When you leave the house in the morning to go to an interview for a great job - do you shower and blowdry your hair? Do you consider that to be the same as heavily using hairspray? Or wearing a wig? Are all these things the same equivalent?

Would you instead just go to that interview without washing up and go with greasy or oily hair?

No - of course not. 

I know people who have had their dogs show groomed before even showing in obedience - and they were shocked at how great their dogs looked just having a basic trim, bath, and blow dry. No products added to the coat. Nothing done like straighteners or anything. This breed is actually pretty straightforward when it comes to grooming. 

There's people out there who act like that is all the same thing as grooming a golden like a poodle.
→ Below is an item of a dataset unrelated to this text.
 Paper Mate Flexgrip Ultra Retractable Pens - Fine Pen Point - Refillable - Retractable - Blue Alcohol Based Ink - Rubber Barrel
But poodles take hours to bathe and groom because of their coats. And there's stuff like pro handlers putting hair pieces on the dogs.... and using whole bottles of hairspray on the dogs.... Goldens are wash and go by comparison!


----------



## annef (Feb 23, 2008)

We bath and trim our dogs the day before the show and most just brush and comb before going in the ring although a water spray is sometimes used. It can be harder if the ground is really muddy and hard to get them clean! Annef


----------



## DevWind (Nov 7, 2016)

A lot seems to go into show coats. I am bathing and trimming Pilot before the trial this weekend but nothing like you all are talking about!


----------



## ArkansasGold (Dec 7, 2017)

Eevee gets weekly baths to keep her coat in show condition, but she doesn’t necessarily get bathed and blown out day of show anymore. She does get a bath the day before a show weekend every time and then she may get spritzed and fluffed day of if she has cowlicks or crate marks. With dryers not being allowed indoors these days she doesn’t get day of baths anymore unless there is outside electric. I need maybe half an hour to spritz, dry (assuming we have a generator), and comb day of show and that’s it. At her last show I didn’t even spritz and fluff because we didn’t have a generator.
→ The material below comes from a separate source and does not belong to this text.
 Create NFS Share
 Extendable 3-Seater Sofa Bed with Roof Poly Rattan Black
Some dogs get full baths day of show to make them look bigger, but I do not have that problem. LOL


----------



## Megora (Jun 7, 2010)

ArkansasGold said:


> Some dogs get full baths day of show to make them look bigger, but I do not have that problem. LOL


I don't have that problem with Jovi, but I did with Bertie who was very lean when showing and may have to with Glee who is likewise a very lean dog. You realize that some or most will go back and spritz the dogs all over again in prep for 2nd shows (like 2 show in 1 day situations) or groups at the end of the day. I didn't go that far (LOL), but watch what handlers do, know why they do what they do, and see what you may want to do in order to compete directly with those handlers.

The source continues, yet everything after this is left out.